Jessica Kriegsfield: What are some options for the plan post-closing?
Taryn Cannataro: One option would be to terminate the plan, and this often takes time to implement because you have to meet a number of PBGC requirements to terminate a defined benefit plan, including providing required notices to beneficiaries and the PBGC. This is probably the option that we see most often in practice, assuming the defined benefit plan is not very underfunded. If the plan were to be very underfunded, another option would be a plan freeze, which is where you freeze the plan to new participants so that no new participants can enter the plan, and existing participants will not earn any additional benefits, and this gives you a chance to allow the plan to become more funded and reduce the liability.
Another option would be to continue the plan post-closing, and you can either continue the plan in addition to any plan the acquirer might have, in which case non-discrimination issues could arise if the acquirer already sponsors its own tax qualified retirement plan. Or you can engage in a plan merger where you merge the acquired plan into the acquirer's existing plan so that all assets are merged into one plan.
Andrew Graw: That actually can be a good thing to do if the acquirer, say, has an overfunded plan and the plan that it's acquiring is underfunded. By merging them together, the overfunded assets of the existing plan can be helpful in eliminating or reducing the underfunded status of the plan that's being acquired.

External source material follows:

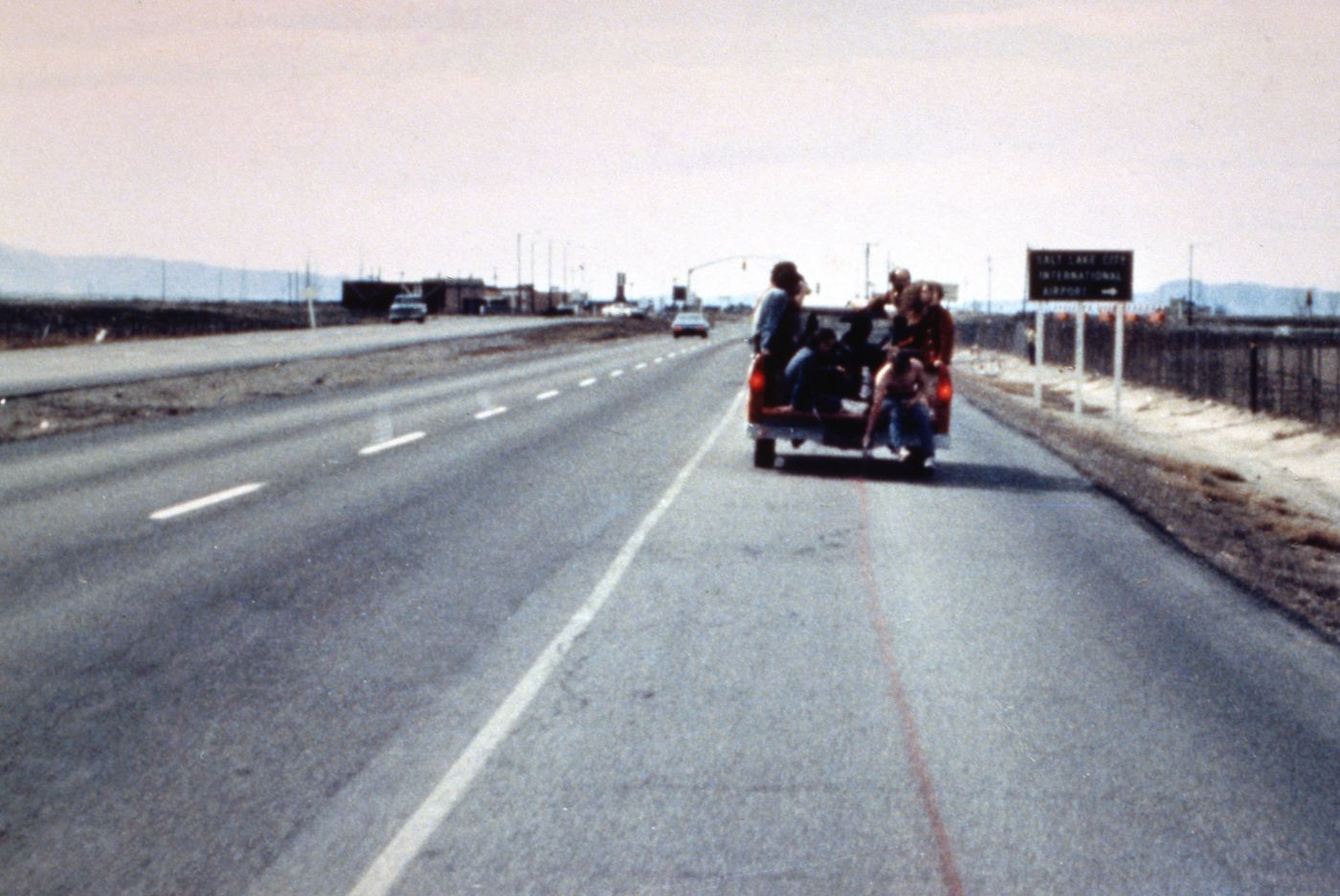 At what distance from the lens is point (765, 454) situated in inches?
671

Jessica Kriegsfield: Andy, what's the impact of the deal on plan benefits?
Andrew Graw: I touched on this a little bit before, but an acquirer does not want to have an unhappy workforce. So an acquirer might ask and negotiate for benefits of acquired employees to be vested so that they don't lose any significant benefits that they had accrued under the seller's plan up through the date of the closing. Under some circumstances, a seller will be required by law to fully vest employees if there's what's referred to as a partial termination of the plan, which means that there was a significant reduction in plan participation, which could happen as a result of a sale, then the seller would be required to fully vest employees as a result.
But even when there's not a partial termination, a buyer may want to negotiate for its future employees to be fully vested in those benefits. And as Taryn mentioned, if the buyer is assuming the plan, then we have to think about what we're going to do with the plan after the closing. And as Taryn mentioned, we could do a variety of things: terminate it, merge it, freeze it. So there's all of those post-closing choices for a buyer to think about. Fortunately, a buyer doesn't have to make that decision immediately. It could terminate the plan at any time after the closing. It could freeze the plan any time after the closing so it could continue the plan for a time and then make that decision as to what it wants to do with it.
Jessica Kriegsfield: In a business transaction, it's important to understand what types of benefit plans are involved early in the transaction as the types of benefit plans could impact how certain aspects of the deal are approached. Being aware of these nuances and potential issues early on can help you avoid costly liabilities and help the deal progress faster.
We hope that you found today's discussion regarding considerations related to defined benefit plans in the context of a business transaction helpful. Tune into our other episodes to hear about considerations with respect to multi-employer plans and defined contribution plans in the context of a business transaction. This episode is intended to be a high-level overview but is by no means an exhaustive discussion. Thanks for joining us today. We look forward to having you back for our next episode of Just Compensation.